→ EXERCISE DIRECTIONS
The response must consist of the lines from the one holding "ゲン★高級レア限定品★超お洒落elite grips キャディバッグ" through the final line of the entries, given again exactly and without any pictures.
<<<<
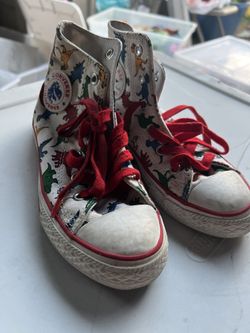 Dinosaur converse - Size YOUTH 1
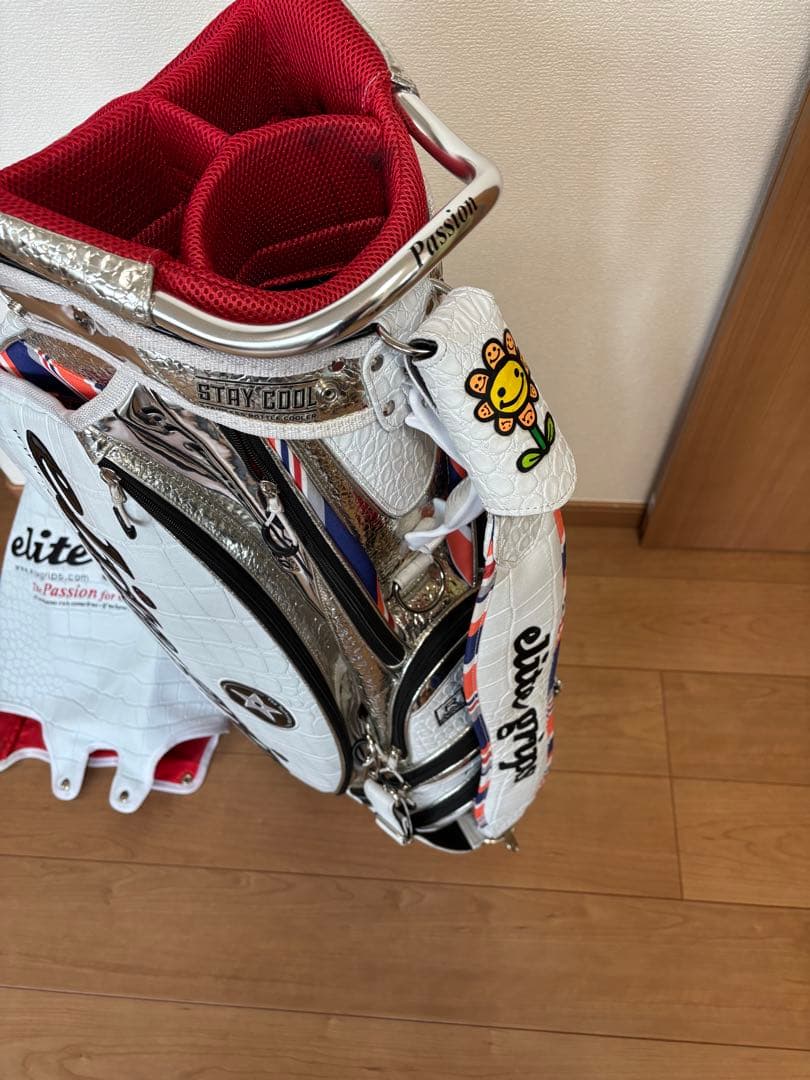 ゲン★高級レア限定品★超お洒落elite grips キャディバッグ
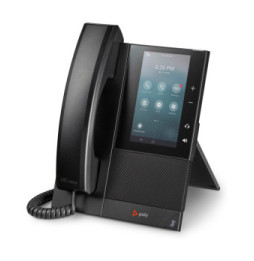 POLY Téléphone multimédia professionnel CCX 505 avec Open SIP et compatible PoE (82Z82AA)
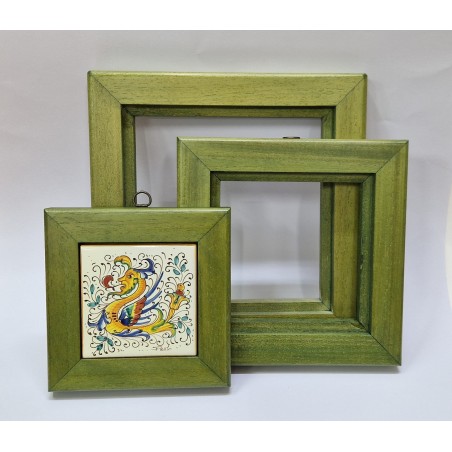 CLC Cornici classiche color Verde per piastrelle in ceramica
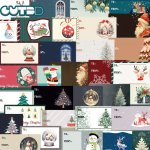 60-PACK Christmas Sticker Gift Tags By Gutbd - Self-adhesive Pvc Seals Single Use Irregular Shape Matte Finish For Diy Craft Pho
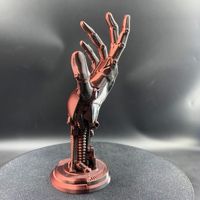 Support de manette mécanique Cyberpunk imprimé en 3D - Support de main robotique Sci-Fi pour PS5/Xbox - Présentoir de main mécanique Cyberpunk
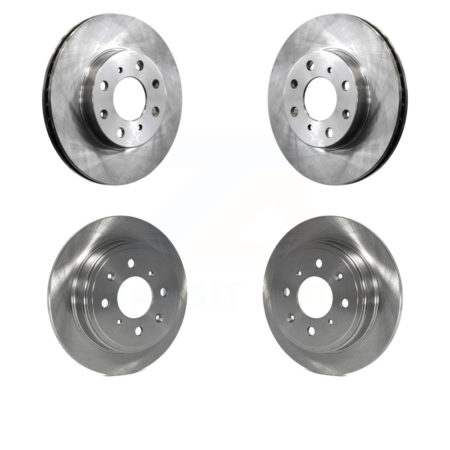 Front Rear Disc Brake Rotors Kit For Honda Civic del Sol CRX K8-101236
>>>>
→ PROBLEM SOLUTION
 ゲン★高級レア限定品★超お洒落elite grips キャディバッグ
 POLY Téléphone multimédia professionnel CCX 505 avec Open SIP et compatible PoE (82Z82AA)
 CLC Cornici classiche color Verde per piastrelle in ceramica
 60-PACK Christmas Sticker Gift Tags By Gutbd - Self-adhesive Pvc Seals Single Use Irregular Shape Matte Finish For Diy Craft Pho
 Support de manette mécanique Cyberpunk imprimé en 3D - Support de main robotique Sci-Fi pour PS5/Xbox - Présentoir de main mécanique Cyberpunk
 Front Rear Disc Brake Rotors Kit For Honda Civic del Sol CRX K8-101236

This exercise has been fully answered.